## Stored data:
::::::::

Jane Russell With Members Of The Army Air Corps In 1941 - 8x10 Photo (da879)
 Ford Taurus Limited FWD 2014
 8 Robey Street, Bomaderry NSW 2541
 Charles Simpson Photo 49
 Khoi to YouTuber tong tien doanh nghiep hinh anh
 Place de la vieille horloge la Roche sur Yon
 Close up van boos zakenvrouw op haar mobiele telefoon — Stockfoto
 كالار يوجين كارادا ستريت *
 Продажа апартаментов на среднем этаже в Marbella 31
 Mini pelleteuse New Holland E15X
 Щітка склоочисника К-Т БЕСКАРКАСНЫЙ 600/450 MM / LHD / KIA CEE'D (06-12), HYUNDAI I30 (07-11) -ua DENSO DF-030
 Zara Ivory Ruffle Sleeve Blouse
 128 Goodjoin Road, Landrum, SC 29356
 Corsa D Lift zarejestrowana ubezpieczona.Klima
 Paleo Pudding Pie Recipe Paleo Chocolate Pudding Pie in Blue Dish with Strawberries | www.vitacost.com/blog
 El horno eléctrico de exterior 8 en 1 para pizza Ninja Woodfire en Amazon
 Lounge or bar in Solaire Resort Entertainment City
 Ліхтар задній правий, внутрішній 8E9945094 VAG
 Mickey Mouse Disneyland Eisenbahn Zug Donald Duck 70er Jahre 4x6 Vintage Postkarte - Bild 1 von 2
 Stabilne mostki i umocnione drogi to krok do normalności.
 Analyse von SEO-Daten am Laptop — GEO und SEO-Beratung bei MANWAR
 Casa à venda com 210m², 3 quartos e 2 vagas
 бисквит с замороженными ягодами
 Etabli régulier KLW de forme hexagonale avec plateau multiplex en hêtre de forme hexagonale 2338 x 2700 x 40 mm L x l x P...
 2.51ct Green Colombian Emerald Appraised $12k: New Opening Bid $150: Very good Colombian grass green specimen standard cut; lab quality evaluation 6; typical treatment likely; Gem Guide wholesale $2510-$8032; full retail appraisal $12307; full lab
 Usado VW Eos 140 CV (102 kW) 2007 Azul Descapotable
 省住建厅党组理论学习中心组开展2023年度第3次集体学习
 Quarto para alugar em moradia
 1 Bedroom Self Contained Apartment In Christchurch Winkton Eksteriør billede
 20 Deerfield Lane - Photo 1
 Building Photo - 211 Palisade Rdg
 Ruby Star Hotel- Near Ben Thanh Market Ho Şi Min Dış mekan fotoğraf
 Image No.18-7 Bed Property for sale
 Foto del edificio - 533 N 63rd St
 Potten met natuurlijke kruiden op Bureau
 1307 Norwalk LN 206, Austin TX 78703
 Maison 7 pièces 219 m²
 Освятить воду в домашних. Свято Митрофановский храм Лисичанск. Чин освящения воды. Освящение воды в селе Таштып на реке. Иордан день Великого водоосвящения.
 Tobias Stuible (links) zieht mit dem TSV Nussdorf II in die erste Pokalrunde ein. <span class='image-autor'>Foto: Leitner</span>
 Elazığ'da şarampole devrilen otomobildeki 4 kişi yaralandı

::::::::

## To do:
Once more, write out the records above, exactly as they stand.

## Solution for this exercise:
Jane Russell With Members Of The Army Air Corps In 1941 - 8x10 Photo (da879)
 Ford Taurus Limited FWD 2014
 8 Robey Street, Bomaderry NSW 2541
 Charles Simpson Photo 49
 Khoi to YouTuber tong tien doanh nghiep hinh anh
 Place de la vieille horloge la Roche sur Yon
 Close up van boos zakenvrouw op haar mobiele telefoon — Stockfoto
 كالار يوجين كارادا ستريت *
 Продажа апартаментов на среднем этаже в Marbella 31
 Mini pelleteuse New Holland E15X
 Щітка склоочисника К-Т БЕСКАРКАСНЫЙ 600/450 MM / LHD / KIA CEE'D (06-12), HYUNDAI I30 (07-11) -ua DENSO DF-030
 Zara Ivory Ruffle Sleeve Blouse
 128 Goodjoin Road, Landrum, SC 29356
 Corsa D Lift zarejestrowana ubezpieczona.Klima
 Paleo Pudding Pie Recipe Paleo Chocolate Pudding Pie in Blue Dish with Strawberries | www.vitacost.com/blog
 El horno eléctrico de exterior 8 en 1 para pizza Ninja Woodfire en Amazon
 Lounge or bar in Solaire Resort Entertainment City
 Ліхтар задній правий, внутрішній 8E9945094 VAG
 Mickey Mouse Disneyland Eisenbahn Zug Donald Duck 70er Jahre 4x6 Vintage Postkarte - Bild 1 von 2
 Stabilne mostki i umocnione drogi to krok do normalności.
 Analyse von SEO-Daten am Laptop — GEO und SEO-Beratung bei MANWAR
 Casa à venda com 210m², 3 quartos e 2 vagas
 бисквит с замороженными ягодами
 Etabli régulier KLW de forme hexagonale avec plateau multiplex en hêtre de forme hexagonale 2338 x 2700 x 40 mm L x l x P...
 2.51ct Green Colombian Emerald Appraised $12k: New Opening Bid $150: Very good Colombian grass green specimen standard cut; lab quality evaluation 6; typical treatment likely; Gem Guide wholesale $2510-$8032; full retail appraisal $12307; full lab
 Usado VW Eos 140 CV (102 kW) 2007 Azul Descapotable
 省住建厅党组理论学习中心组开展2023年度第3次集体学习
 Quarto para alugar em moradia
 1 Bedroom Self Contained Apartment In Christchurch Winkton Eksteriør billede
 20 Deerfield Lane - Photo 1
 Building Photo - 211 Palisade Rdg
 Ruby Star Hotel- Near Ben Thanh Market Ho Şi Min Dış mekan fotoğraf
 Image No.18-7 Bed Property for sale
 Foto del edificio - 533 N 63rd St
 Potten met natuurlijke kruiden op Bureau
 1307 Norwalk LN 206, Austin TX 78703
 Maison 7 pièces 219 m²
 Освятить воду в домашних. Свято Митрофановский храм Лисичанск. Чин освящения воды. Освящение воды в селе Таштып на реке. Иордан день Великого водоосвящения.
 Tobias Stuible (links) zieht mit dem TSV Nussdorf II in die erste Pokalrunde ein. <span class='image-autor'>Foto: Leitner</span>
 Elazığ'da şarampole devrilen otomobildeki 4 kişi yaralandı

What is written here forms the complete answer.